Professor Edmund Lam, Dr Ni Chen and their research team from the Department of Electrical and Electronic Engineering under the Faculty of Engineering at the University of Hong Kong (HKU) have developed a novel uncertainty-aware Fourier ptychography (UA-FP) technology that significantly enhancing imaging system stability in complex real-world environments. The breakthrough has been published in Light: Science & Applications, an international journal under Nature Publishing Group.
Fourier ptychography, widely regarded as a cornerstone of computational imaging, enables wide field-of-view and high-resolution imaging with broad applications ranging from microscopy to X-ray and remote sensing.
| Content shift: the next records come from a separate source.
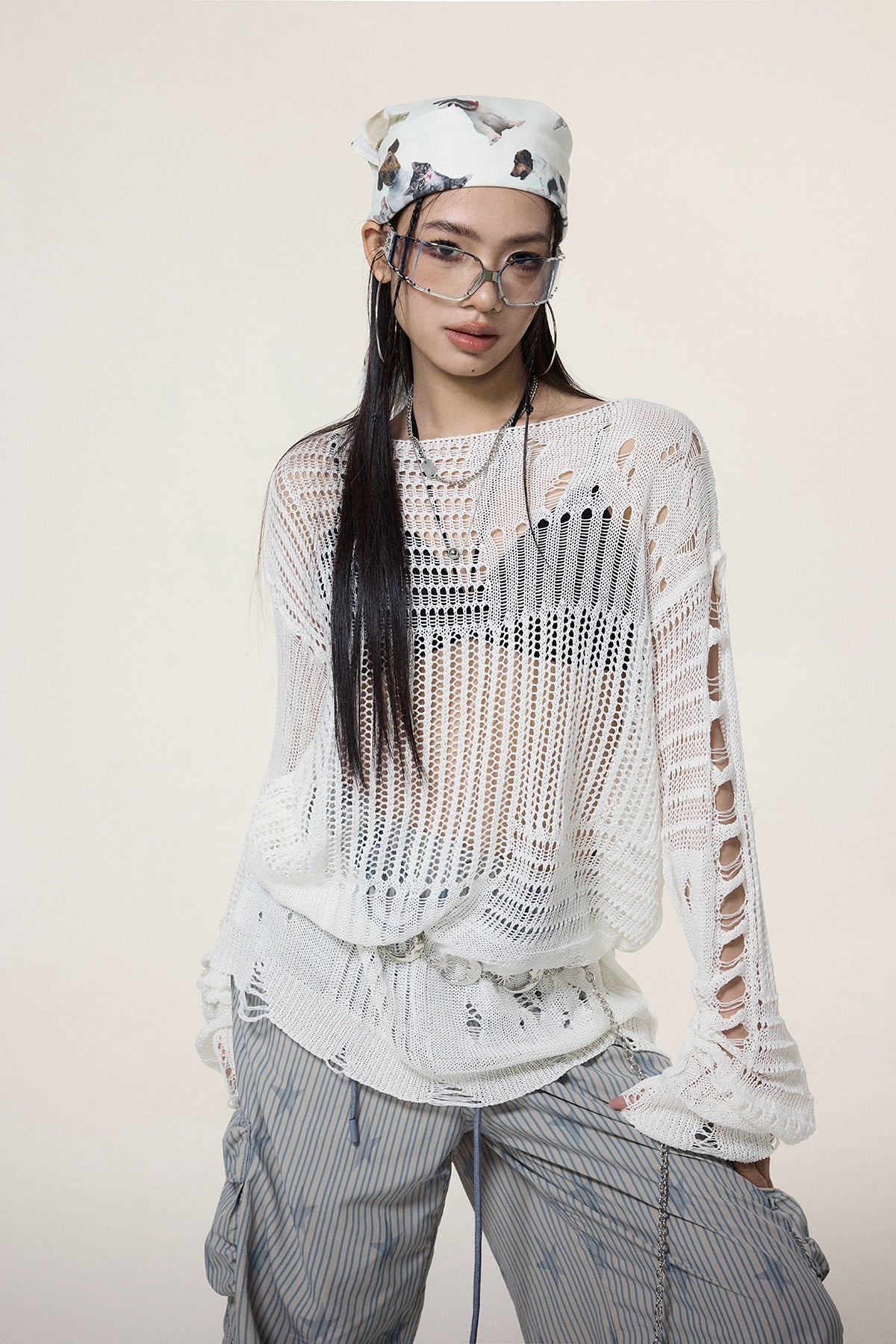 Sheer Knit Pullover with Distressed Detail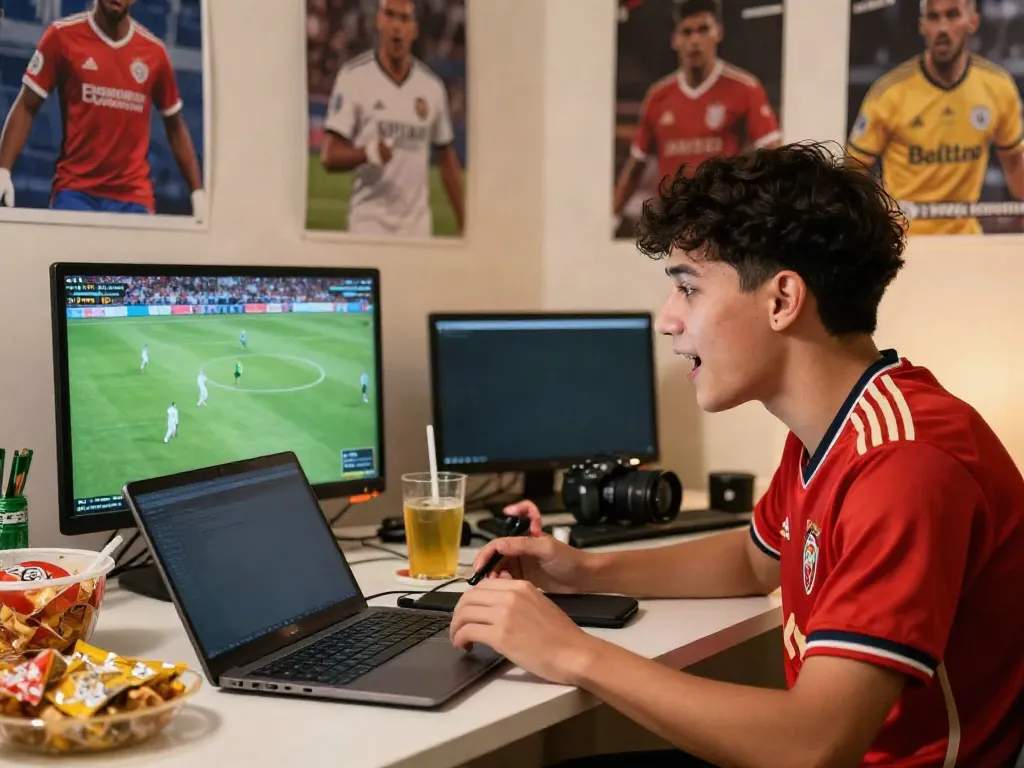 Passionate football fan enjoying Gavangtv live match streaming at home.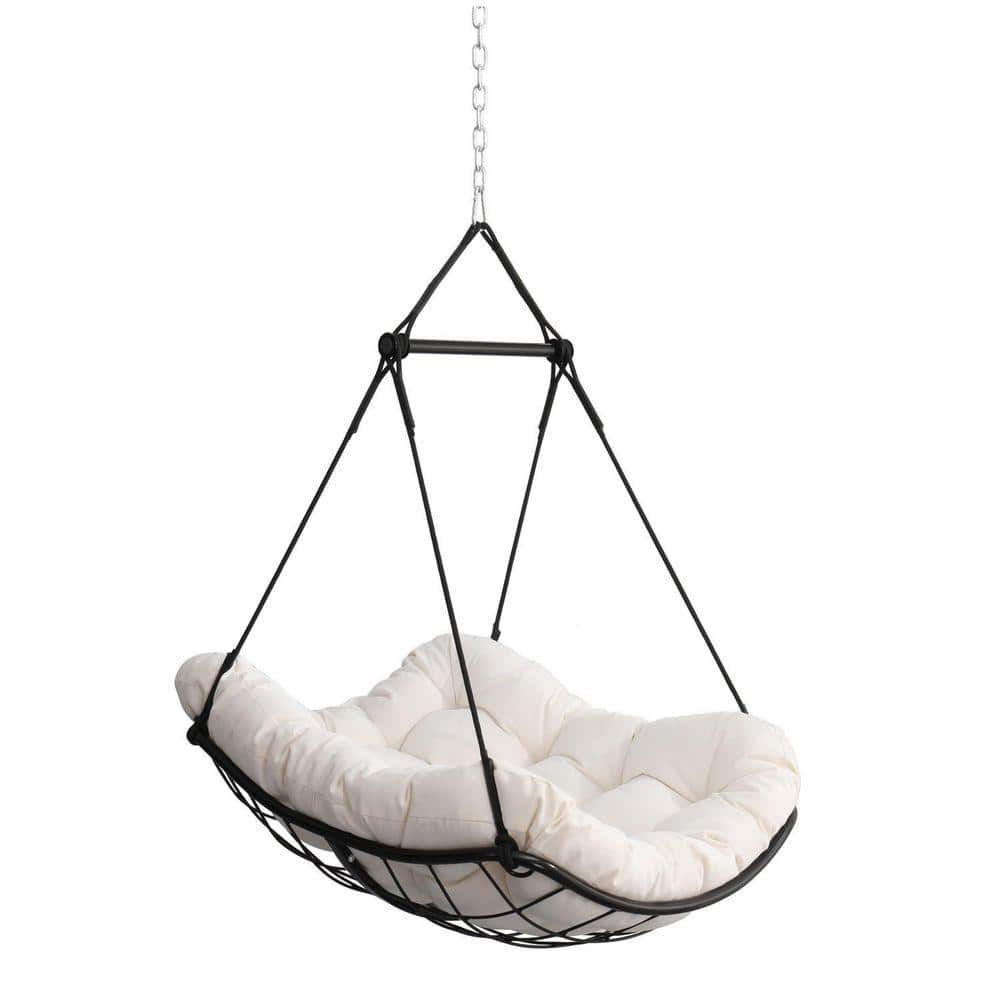 Anky 1-Person Black Sling Porch Swing, Hanging Egg Hammock Chair with Off White Cushion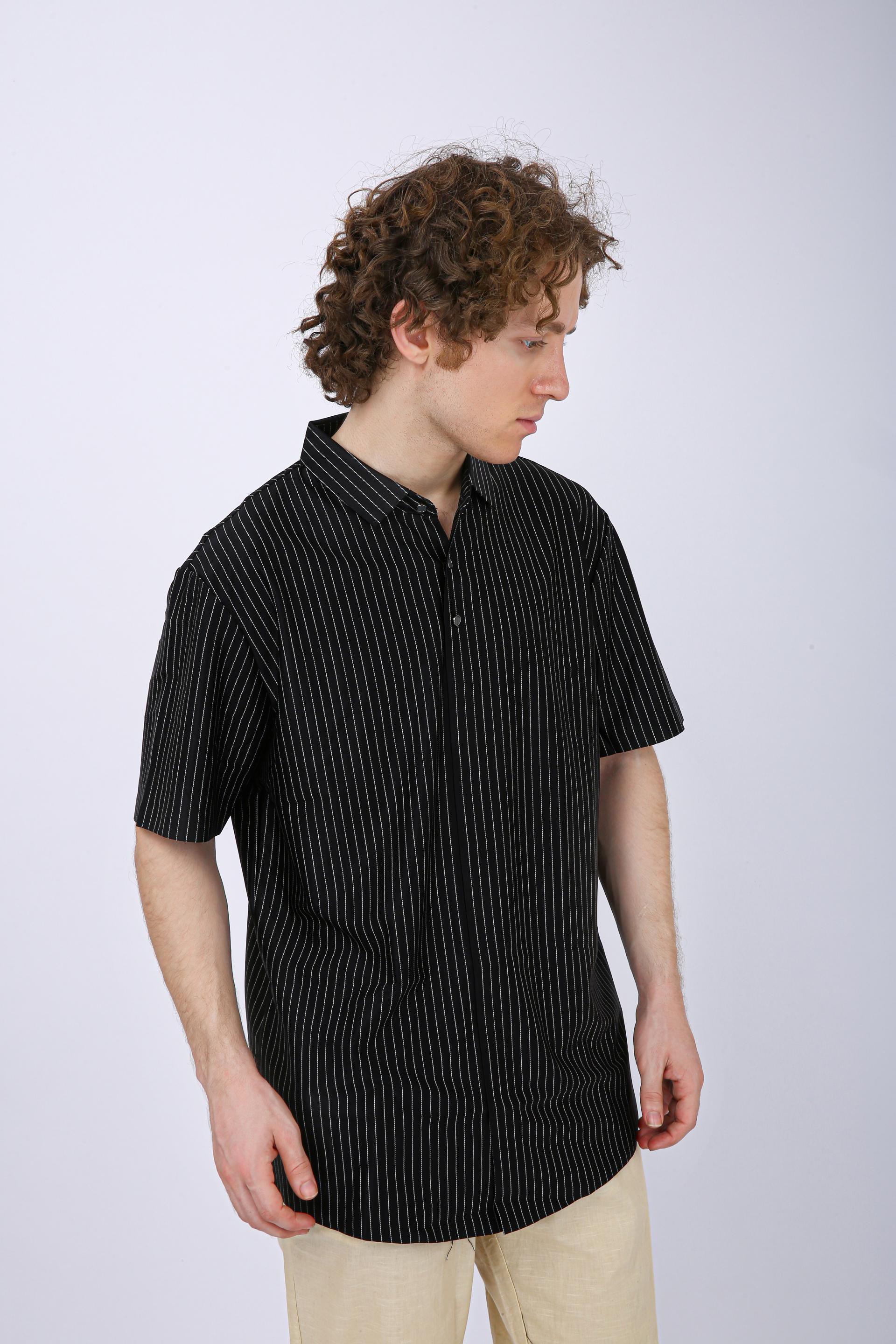 Premium Pinstripe Polo T-Shirt - Black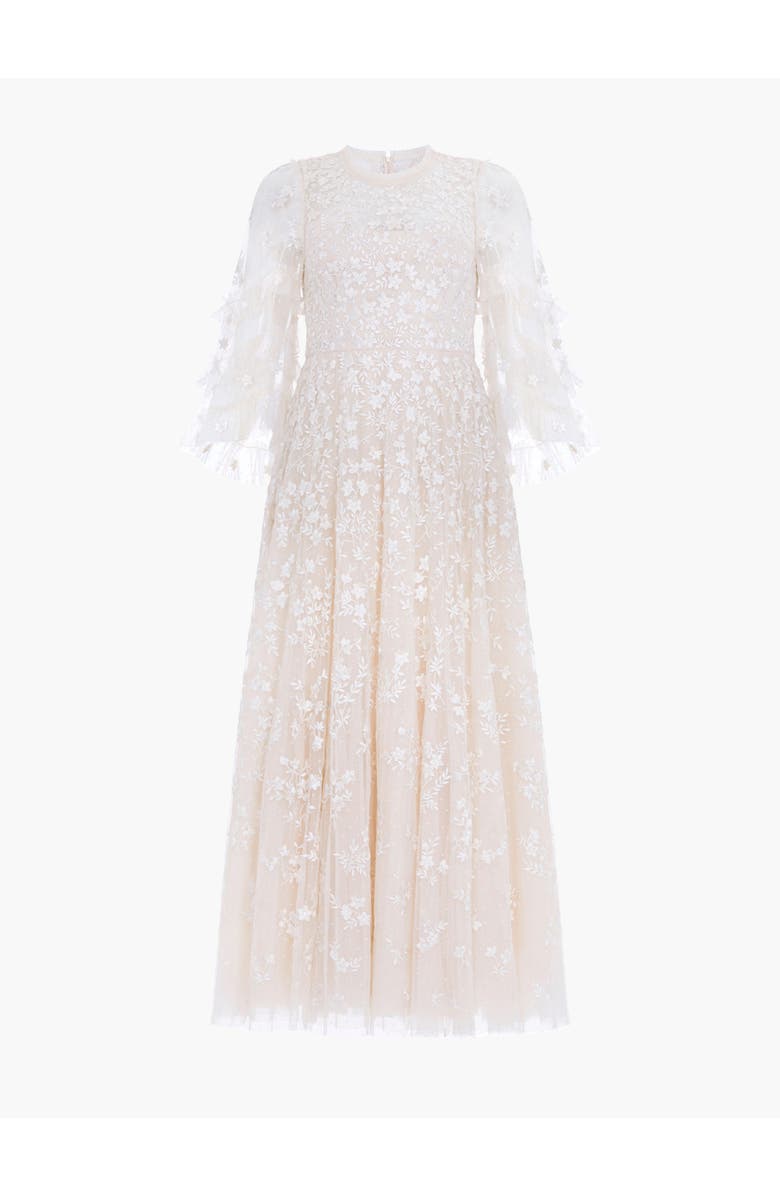Needle & Thread Everett Bloom Round Neck Maxi Dress, Alternate, color, Cream/Cream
However, its practical implementation has long been hindered by misalignments, optical aberrations, and poor data quality — challenges common across computational imaging fields.
The HKU-led team's UA-FP framework innovatively incorporates uncertainty parameters into a fully differentiable computational model, enabling simultaneous system uncertainty quantification and correction and significant enhancement of imaging performance—even under suboptimal or interference-prone conditions. This advancement represents not only a breakthrough in ptychography but also a transformative development for computational imaging as a whole.
Building on the team's pioneering work in differentiable imaging since 2021, UA-FP leverages differentiable programming—the foundational principle behind deep learning—to establish an end-to-end computational framework that seamlessly integrates optical hardware, mathematical modeling, and algorithmic reconstruction. This unified approach bridges hardware and software while harmonising theory with practical implementation, fostering deeper interdisciplinary collaboration between optics and computational science. As a result, differentiable imaging has emerged as a key enabler of future innovations, not only in computational imaging but across related technological fields.
Professor Edmund Lam, corresponding author of the study, said, "By embedding uncertainties into a differentiable model, we have made Fourier ptychography practical and robust. This approach provides a blueprint for advancing many other computational imaging techniques."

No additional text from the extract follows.